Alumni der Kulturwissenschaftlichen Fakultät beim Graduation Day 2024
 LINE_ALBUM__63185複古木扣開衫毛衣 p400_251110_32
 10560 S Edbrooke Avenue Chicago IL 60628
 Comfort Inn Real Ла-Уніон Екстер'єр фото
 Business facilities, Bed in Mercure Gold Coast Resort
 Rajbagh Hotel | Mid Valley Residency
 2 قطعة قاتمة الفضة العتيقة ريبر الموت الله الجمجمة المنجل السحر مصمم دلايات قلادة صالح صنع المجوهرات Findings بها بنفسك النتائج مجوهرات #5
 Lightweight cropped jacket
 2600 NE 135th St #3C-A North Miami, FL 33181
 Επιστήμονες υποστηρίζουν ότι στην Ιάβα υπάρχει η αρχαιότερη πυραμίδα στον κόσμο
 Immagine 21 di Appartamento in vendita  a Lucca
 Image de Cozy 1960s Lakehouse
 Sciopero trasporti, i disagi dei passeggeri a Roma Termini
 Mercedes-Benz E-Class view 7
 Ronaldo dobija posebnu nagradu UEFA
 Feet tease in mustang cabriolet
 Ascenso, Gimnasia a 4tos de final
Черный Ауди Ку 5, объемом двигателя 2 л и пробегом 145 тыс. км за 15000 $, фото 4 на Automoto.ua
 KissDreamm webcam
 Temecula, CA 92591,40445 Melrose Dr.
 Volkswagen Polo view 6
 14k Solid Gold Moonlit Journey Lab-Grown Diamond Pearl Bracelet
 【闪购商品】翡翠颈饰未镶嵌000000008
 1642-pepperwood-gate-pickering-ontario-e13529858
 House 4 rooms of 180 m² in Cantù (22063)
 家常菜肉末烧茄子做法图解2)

○ ○ ○

> **Required action**
If a line comes after the one containing "2600 NE 135th St #3C-A North Miami, FL 33181", leave it out; set down every line of the data before it, and that line itself, exactly.

> **Solution**
Alumni der Kulturwissenschaftlichen Fakultät beim Graduation Day 2024
 LINE_ALBUM__63185複古木扣開衫毛衣 p400_251110_32
 10560 S Edbrooke Avenue Chicago IL 60628
 Comfort Inn Real Ла-Уніон Екстер'єр фото
 Business facilities, Bed in Mercure Gold Coast Resort
 Rajbagh Hotel | Mid Valley Residency
 2 قطعة قاتمة الفضة العتيقة ريبر الموت الله الجمجمة المنجل السحر مصمم دلايات قلادة صالح صنع المجوهرات Findings بها بنفسك النتائج مجوهرات #5
 Lightweight cropped jacket
 2600 NE 135th St #3C-A North Miami, FL 33181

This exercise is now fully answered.